Powell can't get too far from his roots—he does a fancy two-step in the "mausoleum" of a foyer. |
And Dmytryck has the noir feeling down, too, being as he was one of the architects of the style. Begin your movie in transition so the audience has a lot of questions it has to answer, go heavy on the atmosphere and always exit the scene with a sardonic quip. You already know you're in the hands of a master with the sequence that introduces "Moose" Malloy (Mike Mazurki) who just suddenly appears as a menacing reflection in the window that only appears because of the intrusion of a nearby flashing neon light. It's as disconcerting...well, as disconcerting "as a tarantula on an angel food cake", thank you very much! Dmytryck also has fun dancing around the brim of the Hayes Code in the two knock-out sequences of Marlowe being knocked out—always a hallmark of Marlowe stories and fans of inky pools of blackness, Long Goodbyes and Big Sleeps (or "Big Lebowski's," if you'd rather, later).

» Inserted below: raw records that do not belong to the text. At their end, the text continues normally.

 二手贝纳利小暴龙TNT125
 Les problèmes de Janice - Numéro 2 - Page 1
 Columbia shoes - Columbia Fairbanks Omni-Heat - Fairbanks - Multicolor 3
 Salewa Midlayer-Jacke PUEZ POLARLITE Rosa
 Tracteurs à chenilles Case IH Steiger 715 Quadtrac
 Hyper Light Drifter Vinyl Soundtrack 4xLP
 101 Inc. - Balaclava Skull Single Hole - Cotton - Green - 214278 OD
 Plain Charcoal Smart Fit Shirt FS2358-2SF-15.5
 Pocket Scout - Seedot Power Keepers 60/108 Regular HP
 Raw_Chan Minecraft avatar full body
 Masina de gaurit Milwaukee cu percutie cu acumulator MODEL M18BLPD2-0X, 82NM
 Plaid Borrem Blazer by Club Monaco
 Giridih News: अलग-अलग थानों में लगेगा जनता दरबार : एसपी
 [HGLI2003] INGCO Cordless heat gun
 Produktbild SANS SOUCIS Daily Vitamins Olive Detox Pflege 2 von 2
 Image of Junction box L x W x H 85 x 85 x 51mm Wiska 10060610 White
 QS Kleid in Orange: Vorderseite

Indispensible in the mix is a high concentration of sass which is provided by that queen of the form, Claire Trevor, whose performance as an evil step-monster is almost too much of a good thing. Murder, My Sweet would have been a rich enough story without her. Her presence and its tilting of the sexual equation slams this one deep onto the classic shelf. Powell would play Marlowe again on television, but this initial outing made him definitive...until Bogart came along.
But, for the record books...Chandler always said that Powell was his favorite version of Marlowe.
* The Big Sleep with Bogart as Marlowe was made the same year, but not released until two years later.
** They finally got around to using the title in the 1975 Dick Richards remake that starred Robert Mitchum, who would have been too pretty for Marlowe in his youth, but had aged into a wrinkled world-weariness that worked. When he was approached by producer Elliott Kastner and financier Sir Lew Grade to play the part—after their first choice, Richard Burton (??!!), had turned it down—Mitchum says that he said: "Why don't you just re-release Murder, My Sweet with Dick Powell and we can all go to the beach?"